Let not a broader interpretation than is necessary be placed on Section 406 of Act 30. The limit should be where such irregularity is so grave and weighty as to unjustly take away the liberty of an accused person. As much as possible, let the Republic strive to adopt best practices that will seek to respect the freedom and liberty of an accused person that are enshrined in the Constitution 1992. After all, the Republic is better placed and much resourced to prove the guilt of the accused and must do so humanly possible without flouting well laid principles bordering on the protection of the liberty of the accused. Does this practice I am advocating for not share the same reason behind the well-known principle of “proving the guilt of the accused person beyond all reasonable doubt.”

Needless to say, judges when they serve in their capacity are judges not just for the prosecution but to all citizens alike including accused persons, and so must be slow to take away the freedom of the accused person, more so in situations like we have before us. I am of the opinion that the judge should have done more than just re-read the charges to the appellant and convict her on her own plea. There is nothing on record to show the reason for the sudden change in plea. Who knows what could have accounted for the change in plea. Such best practices, I am also sure will eradicate most of the unproven allegations like what was being alluded to in the present case that the appellant had been told that if she changed her plea the prosecutor will go and see the judge in ‘chambers’ and beg for her. If the judicial enquiry had been made, which would have been in open court, the reason will have been evident, and any such “begging in chamber” reasons may have come up for the judge to address accordingly.

I am fully aware that in advocating for these best practices, guilty persons might be escaping the course of justice as was done in the case of Egbetowokpor v Republic [1975] 1 GLR 485. In answer to counter-arguments by skeptics of the best practices I am propounding the dictum of the Court of Appeal in the Egbetowokpor case is suitable, that:

“We fully appreciate that in view of the result we have reached, guilty persons may well be escaping justice. If this be so, we cannot but regret it. But our duty is to do justice not according to our own lights but in accordance with the law as we conceive it”

Indeed, it is better for a hundred guilty persons to walk away than for an innocent person to be punished.

A similar situation like this arose in the U.S. Supreme Court Cases of Miranda v Arizona 384, U.S 436 (1966) and Massiah v United States, 377 U.S. 201 (1964).

FACTS IN THE MIRANDA CASE

Ernesto Miranda was arrested by the Police on suspicion of a kidnap and sexual assault. The victim identified the suspect, Ernesto Miranda at the Police station. In accordance with U.S standard operating procedures, the suspect Miranda was taken into a private interrogating room. The suspect was not advised that he is entitled to be represented by a lawyer before he is interrogated.

Two hours later, the suspect signs a confession. There was no evidence that Miranda was physically or mentally abused. The confession statement includes a statement that, the suspect has “full knowledge of his legal rights and understanding that any statement he makes may be used against him.”

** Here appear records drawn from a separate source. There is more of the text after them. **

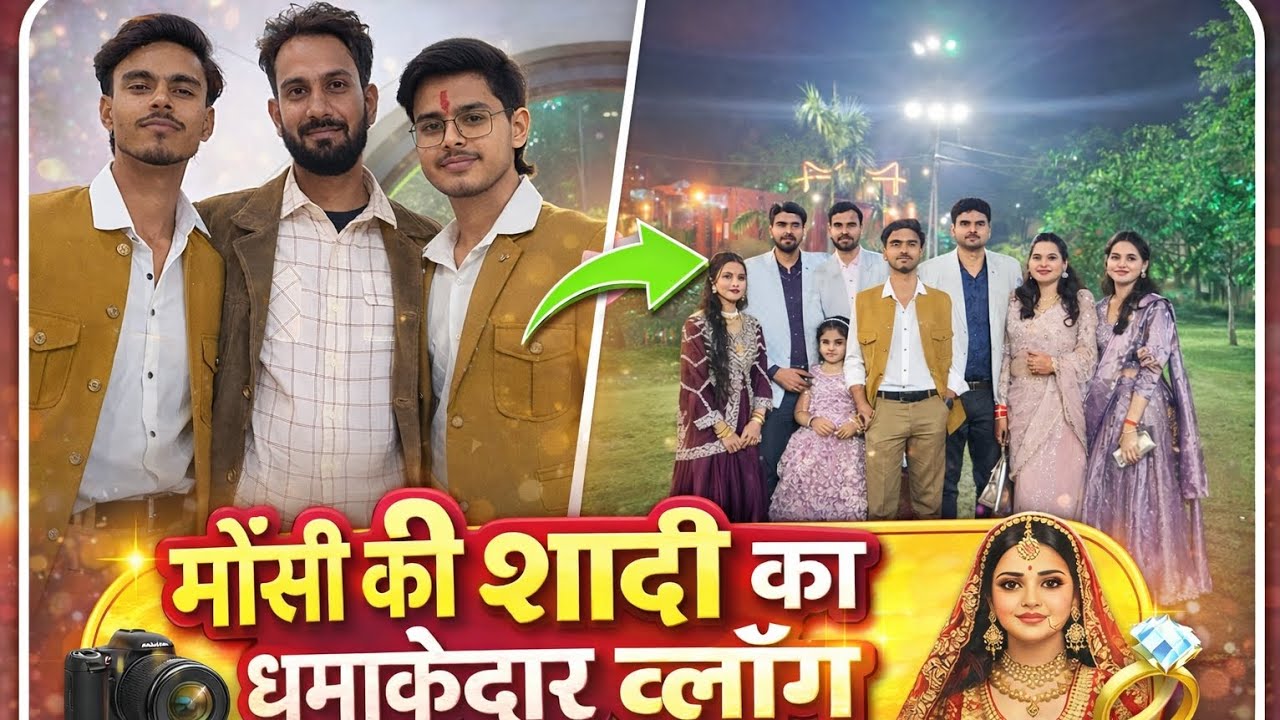 Mosi Ki Shaadi Ka Full Vlog 💒 | Indian Wedding Fun & Emotional Moments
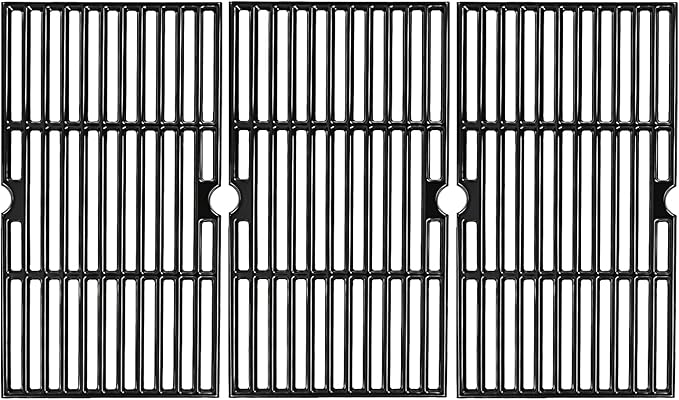 16 7/8" Porcelain Enameled Cast Iron Grill Cooking Grates Replacement for Charbroil 463441312 463432215 463461613 463436214 463436215 463441514 463440109 463436213 463420508 Gas Grill Grate Parts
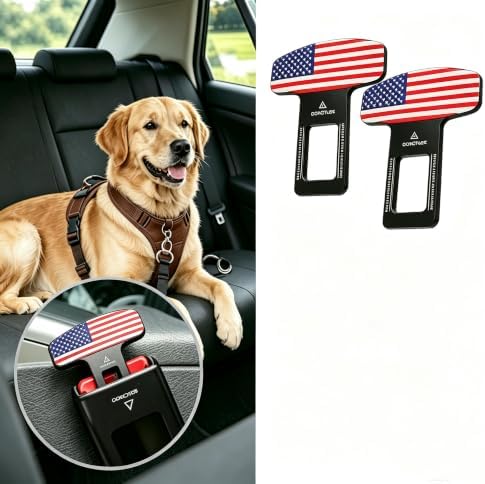 4 Pack Clips for Dogs, Cats Travel Harness Decorative Car Interior Clips - Image 4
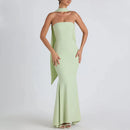 Ivory Bloom Strapless Dress
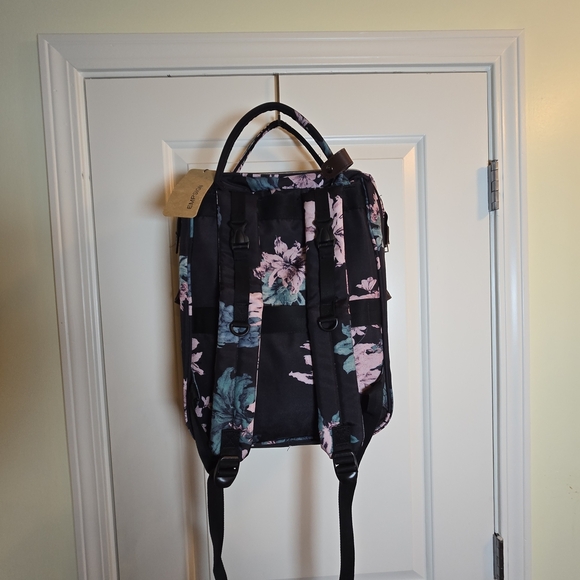 EMPSIGN Floral Smart Baby Bag With Fold Out Changing Station, Laptop Storage USB main image 4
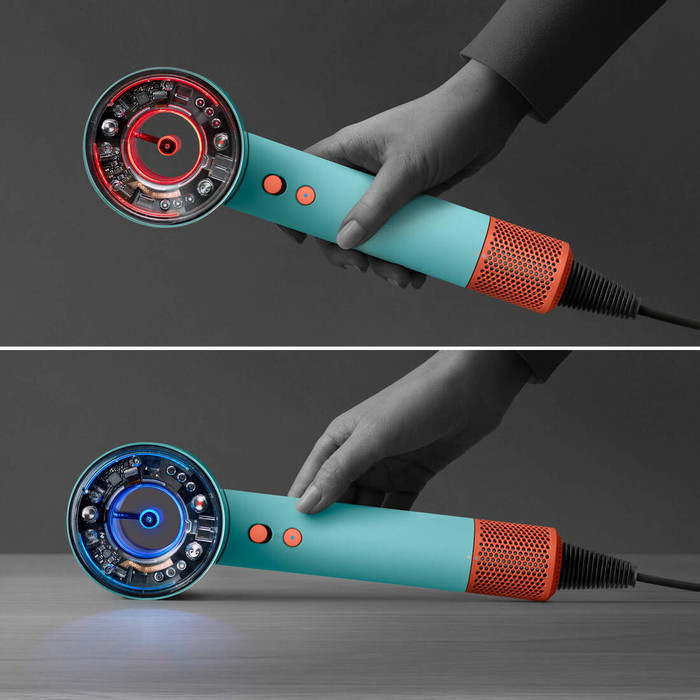 Dyson Supersonic Nural Samtrot/Gold visueller lieferant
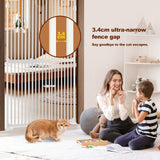 DS BD Retractable Safety Gate Dog Cat Extra Tall Fence 190 to 250cm White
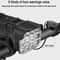 Rechargeable Bicycle Front LED Light With Horn For Night Riding 3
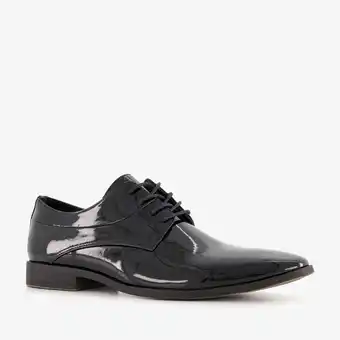 Scapino Emilio Salvatini heren lak veterschoenen zwart aanbieding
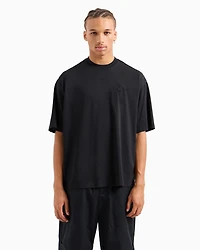 Relaxed fit cotton T-shirt with ASV logo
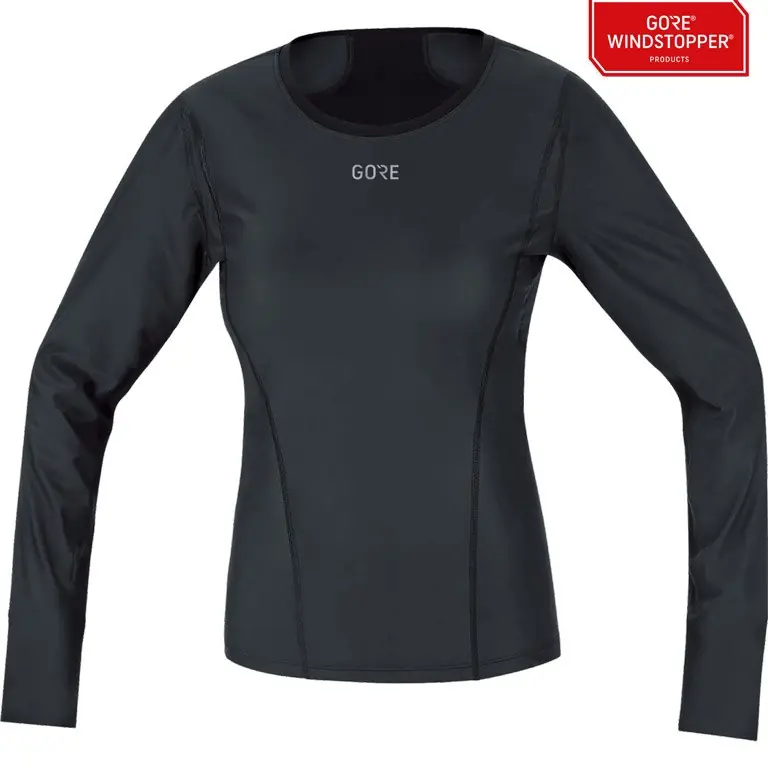 Top-Preis GOREWEAR GORE® WINDSTOPPER® Base Layer Langarmshirt Damen - schwarz 9900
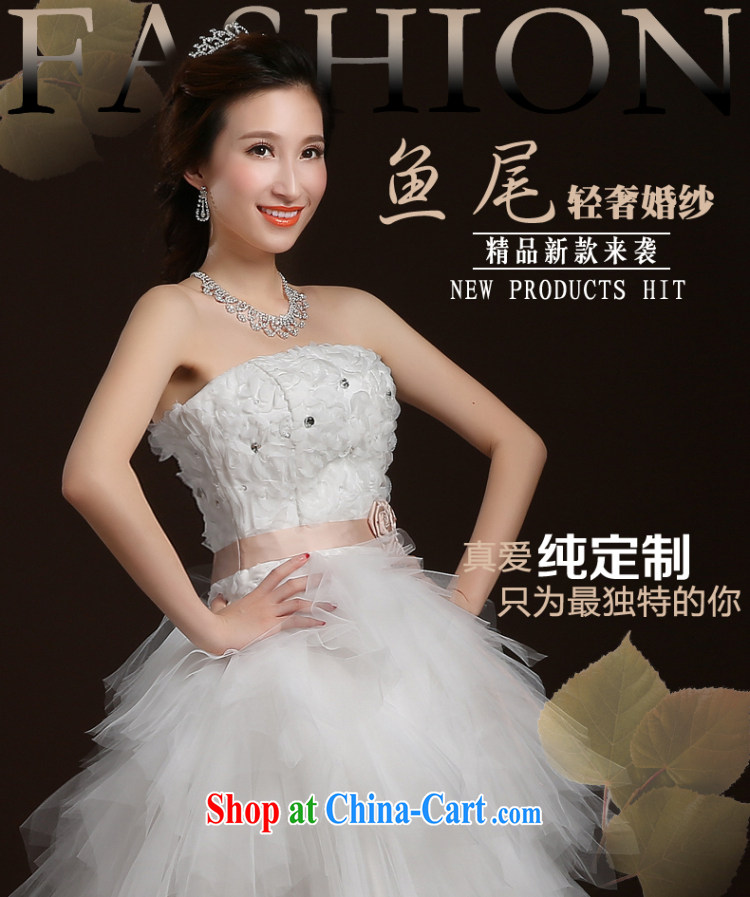 Qi wei summer 2015 new Korean version wiped off his chest and end after a long wedding tie lace small tail tied with bridal gown moderator uniforms white custom plus $50 7 - 15 Day Shipping pictures, price, brand platters! Elections are good character, the national distribution, so why buy now enjoy more preferential! Health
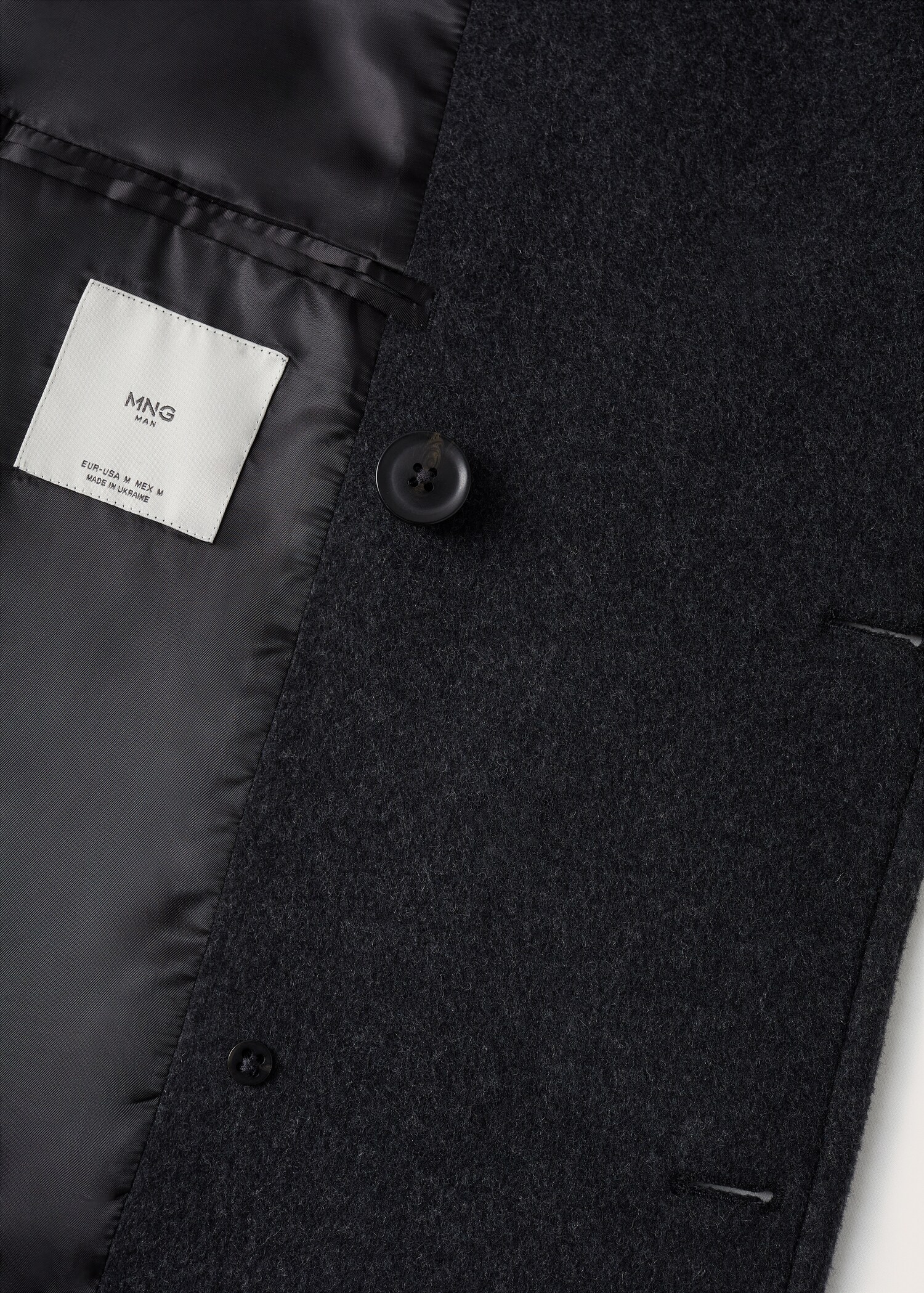Recycled wool oversize coat - Details of the article 8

But on appeal, the U.S Supreme Court held that once Miranda was taken into police custody and before any interrogation could begin, the Police had the constitutional duty under the 5th Amendment to advise him that he had the right to refuse to answer any questions and to be represented by a lawyer, and if Miranda chose to take advantage of those rights, the Police could not interrogate him in anyway. The Supreme Court further ruled that, and because the Police failed to advise Miranda of these rights now known in the U.S as “Miranda Rights”, before they questioned him and obtained his confession, Miranda’s conviction was thrown out, just as other convictions have been thrown out for similar reasons since the decision in Miranda had been handed down by the U.S Supreme Court.

See other cases like

Harris v New York 401 U.S 222 (1971) decided by a vote of 5-4 majority, where the U.S. Supreme Court per Warren Burger for the stated that:

“while Miranda can be read as prohibiting the use of an uncounseled statement for any purpose, such a reading was unnecessary to its logic and thus not controlling”

Miranda case, Burger noted was not a license to use perjury with no risk of being confronted with prior inconsistent statements.

The rationale of the decision of the Court can be seen against the background of the fact that the courts seem to enforce the viewpoint that since it might be easier and quicker for law enforcement authorities to solve a crime by forcing a confession than it is to solve an offence through painstaking investigation, particularly where the evidence may be hard to come, by it is better to expect that the law enforcement agencies prove their case without the testimony of the suspects. This principle which is the bedrock of English law and is part of the common law principles which both the U.S and Ghana have enshrined in their Constitutions.

For example, the Fifth Amendment to the U.S. Constitution commands that no person “shall be compelled in any criminal case to be a witness against himself.”

On the other hand, the Sixth Amendment to the U.S. Constitution among other rights, guarantee’s the right to Counsel.

FACTS OF THE MASSIAH CASE

The case of Massiah v United States, already referred to is a case in point, where the court by a majority vote of 6-3 held that a defendant is entitled to the right of his Counsel.

This was an appeal where the U.S Sixth Amendment which guarantees a defendant the right to rely on Counsel as the medium between him and the investigating and law enforcement agencies was enforced and applied.

It should be noted that, the rationale of the Sixth Amendment is that, once adversary proceedings have begun, the government cannot by pass the defendant’s lawyer and deliberately elicit statements from the defendant himself.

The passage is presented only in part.